• **EXERCISE OBJECTIVE**
Your copy runs from the line containing "Edible Medicinal Plants" through the last line of the listing, both included. Restate those lines word for word and leave out pictures.

-- PROVIDED DATA follows --

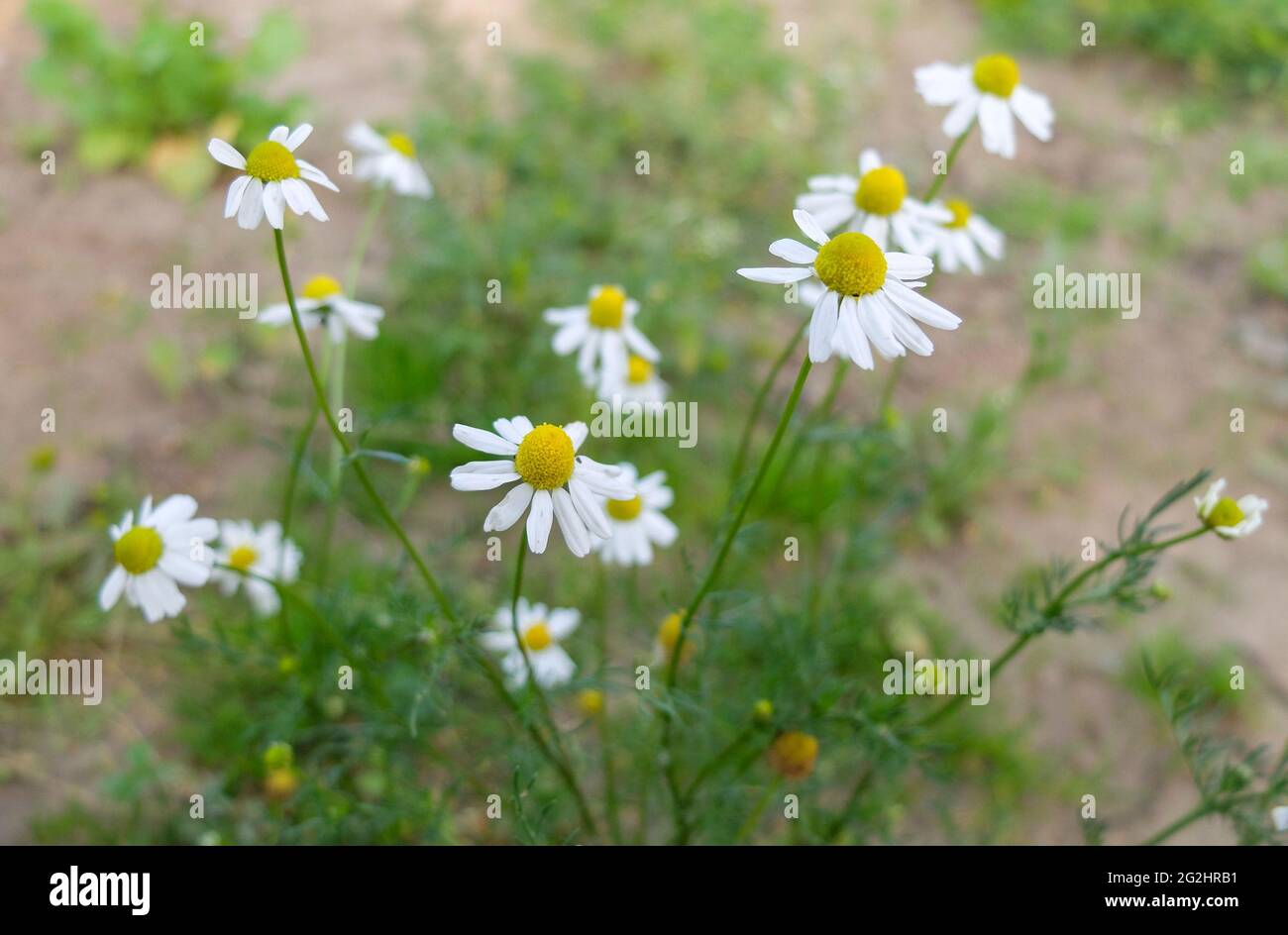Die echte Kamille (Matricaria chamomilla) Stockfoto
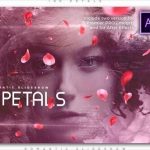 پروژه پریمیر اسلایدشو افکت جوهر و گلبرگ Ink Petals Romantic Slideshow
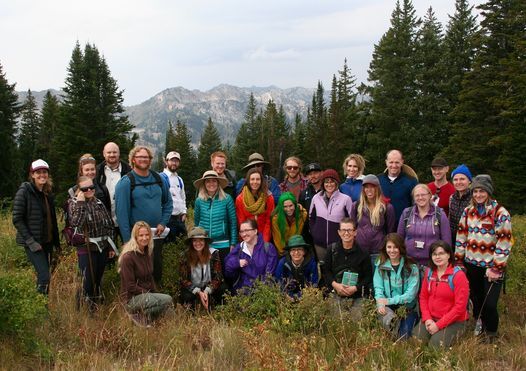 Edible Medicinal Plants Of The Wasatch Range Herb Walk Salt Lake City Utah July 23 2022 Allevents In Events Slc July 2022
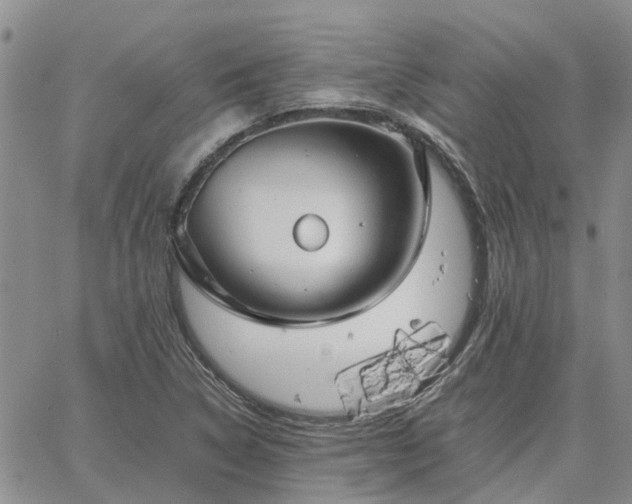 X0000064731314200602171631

-- PROVIDED DATA concluded --

• **OUTPUT FOR THIS EXERCISE**
 Edible Medicinal Plants Of The Wasatch Range Herb Walk Salt Lake City Utah July 23 2022 Allevents In Events Slc July 2022
 X0000064731314200602171631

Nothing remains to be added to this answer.